** PROVIDED INFORMATION **
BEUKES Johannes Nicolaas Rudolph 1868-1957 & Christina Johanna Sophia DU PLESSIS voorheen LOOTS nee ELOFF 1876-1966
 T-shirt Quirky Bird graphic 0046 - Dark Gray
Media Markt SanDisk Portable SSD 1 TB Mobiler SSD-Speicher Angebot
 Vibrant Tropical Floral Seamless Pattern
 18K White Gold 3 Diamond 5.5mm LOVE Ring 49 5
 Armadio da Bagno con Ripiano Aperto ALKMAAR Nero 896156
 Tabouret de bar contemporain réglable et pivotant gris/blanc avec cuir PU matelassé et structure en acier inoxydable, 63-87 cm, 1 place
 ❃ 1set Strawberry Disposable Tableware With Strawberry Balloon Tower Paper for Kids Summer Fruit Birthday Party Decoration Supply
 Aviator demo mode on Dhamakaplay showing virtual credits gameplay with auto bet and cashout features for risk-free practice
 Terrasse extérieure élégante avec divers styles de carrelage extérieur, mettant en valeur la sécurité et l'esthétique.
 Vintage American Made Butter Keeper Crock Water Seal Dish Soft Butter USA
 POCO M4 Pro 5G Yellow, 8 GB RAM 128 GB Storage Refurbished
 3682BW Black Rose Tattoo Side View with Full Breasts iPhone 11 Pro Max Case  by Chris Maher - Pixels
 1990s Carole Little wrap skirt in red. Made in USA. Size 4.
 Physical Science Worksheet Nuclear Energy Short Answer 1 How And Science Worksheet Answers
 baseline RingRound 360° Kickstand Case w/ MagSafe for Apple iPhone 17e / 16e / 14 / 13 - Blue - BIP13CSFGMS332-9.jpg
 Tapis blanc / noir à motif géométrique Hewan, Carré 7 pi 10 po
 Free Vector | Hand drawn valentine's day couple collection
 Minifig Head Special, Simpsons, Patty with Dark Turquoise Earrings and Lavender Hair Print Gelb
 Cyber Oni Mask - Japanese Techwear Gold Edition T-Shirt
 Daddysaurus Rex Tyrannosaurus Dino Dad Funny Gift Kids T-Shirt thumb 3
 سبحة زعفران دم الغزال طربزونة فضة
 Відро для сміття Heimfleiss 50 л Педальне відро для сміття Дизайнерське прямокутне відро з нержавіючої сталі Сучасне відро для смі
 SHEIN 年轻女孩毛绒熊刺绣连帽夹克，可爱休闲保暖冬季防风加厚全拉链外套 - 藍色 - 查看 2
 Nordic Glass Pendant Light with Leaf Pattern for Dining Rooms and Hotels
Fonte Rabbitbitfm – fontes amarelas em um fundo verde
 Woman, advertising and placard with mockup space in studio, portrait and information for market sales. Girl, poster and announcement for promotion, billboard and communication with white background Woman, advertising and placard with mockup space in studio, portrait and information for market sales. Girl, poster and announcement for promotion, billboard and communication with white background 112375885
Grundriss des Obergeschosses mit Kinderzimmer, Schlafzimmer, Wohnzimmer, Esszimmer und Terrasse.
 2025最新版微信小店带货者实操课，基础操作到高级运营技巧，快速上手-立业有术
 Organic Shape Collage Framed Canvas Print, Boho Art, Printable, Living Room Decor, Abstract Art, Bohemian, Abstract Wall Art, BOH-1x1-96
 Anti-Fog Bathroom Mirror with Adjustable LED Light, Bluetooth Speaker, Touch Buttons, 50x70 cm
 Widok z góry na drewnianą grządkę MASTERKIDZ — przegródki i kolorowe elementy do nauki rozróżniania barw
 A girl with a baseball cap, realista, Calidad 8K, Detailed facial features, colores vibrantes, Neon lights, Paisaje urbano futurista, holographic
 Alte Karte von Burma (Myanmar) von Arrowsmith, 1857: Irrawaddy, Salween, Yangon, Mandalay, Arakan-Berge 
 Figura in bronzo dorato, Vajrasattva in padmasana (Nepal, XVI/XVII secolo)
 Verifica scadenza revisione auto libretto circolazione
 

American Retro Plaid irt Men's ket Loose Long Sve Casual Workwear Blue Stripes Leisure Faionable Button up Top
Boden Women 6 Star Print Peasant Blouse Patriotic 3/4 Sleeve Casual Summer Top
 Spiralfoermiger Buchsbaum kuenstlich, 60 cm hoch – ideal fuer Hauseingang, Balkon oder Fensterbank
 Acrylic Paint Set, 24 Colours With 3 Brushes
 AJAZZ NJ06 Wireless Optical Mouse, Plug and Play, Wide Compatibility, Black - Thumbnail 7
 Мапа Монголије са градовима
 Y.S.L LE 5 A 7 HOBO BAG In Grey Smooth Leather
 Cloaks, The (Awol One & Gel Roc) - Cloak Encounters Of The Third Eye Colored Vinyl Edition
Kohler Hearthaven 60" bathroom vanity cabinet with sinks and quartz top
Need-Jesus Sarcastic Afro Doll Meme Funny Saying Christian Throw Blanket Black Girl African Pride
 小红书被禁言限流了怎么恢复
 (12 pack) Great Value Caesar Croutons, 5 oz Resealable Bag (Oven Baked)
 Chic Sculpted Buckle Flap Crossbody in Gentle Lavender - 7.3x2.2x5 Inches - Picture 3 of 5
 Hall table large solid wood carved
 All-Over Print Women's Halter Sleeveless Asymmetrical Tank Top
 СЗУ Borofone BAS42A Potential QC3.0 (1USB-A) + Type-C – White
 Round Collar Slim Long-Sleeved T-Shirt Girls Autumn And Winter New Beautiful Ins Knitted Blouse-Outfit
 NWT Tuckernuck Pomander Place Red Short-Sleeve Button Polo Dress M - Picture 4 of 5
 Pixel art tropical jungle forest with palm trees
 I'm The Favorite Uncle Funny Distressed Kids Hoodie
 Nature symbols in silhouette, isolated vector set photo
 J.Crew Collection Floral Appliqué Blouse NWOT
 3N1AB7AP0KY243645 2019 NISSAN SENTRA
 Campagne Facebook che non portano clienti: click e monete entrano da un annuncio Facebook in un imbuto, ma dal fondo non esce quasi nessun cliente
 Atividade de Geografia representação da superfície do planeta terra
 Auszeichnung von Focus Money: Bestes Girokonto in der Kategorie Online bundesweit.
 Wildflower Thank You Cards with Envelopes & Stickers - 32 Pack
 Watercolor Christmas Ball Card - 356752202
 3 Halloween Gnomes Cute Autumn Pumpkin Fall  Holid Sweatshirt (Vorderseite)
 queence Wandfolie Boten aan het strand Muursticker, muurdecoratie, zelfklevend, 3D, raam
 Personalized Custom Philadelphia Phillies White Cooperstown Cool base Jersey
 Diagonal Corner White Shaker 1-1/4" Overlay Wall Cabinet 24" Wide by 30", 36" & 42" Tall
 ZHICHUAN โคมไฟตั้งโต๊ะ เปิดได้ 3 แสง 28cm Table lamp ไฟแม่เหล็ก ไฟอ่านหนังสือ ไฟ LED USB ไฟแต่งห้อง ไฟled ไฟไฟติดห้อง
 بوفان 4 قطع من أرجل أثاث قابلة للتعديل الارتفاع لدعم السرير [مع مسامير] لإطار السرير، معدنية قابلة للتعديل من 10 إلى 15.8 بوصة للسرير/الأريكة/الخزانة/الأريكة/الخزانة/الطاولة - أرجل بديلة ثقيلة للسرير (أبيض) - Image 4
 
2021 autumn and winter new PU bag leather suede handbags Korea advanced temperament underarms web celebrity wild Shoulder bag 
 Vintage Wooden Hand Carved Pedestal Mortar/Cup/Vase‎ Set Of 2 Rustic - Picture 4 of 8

** TASK INSTRUCTIONS **
Could you say how many lines in the listing contain the string "Floral"? Only the number, please.

** RESULT FOR THIS EXERCISE **
2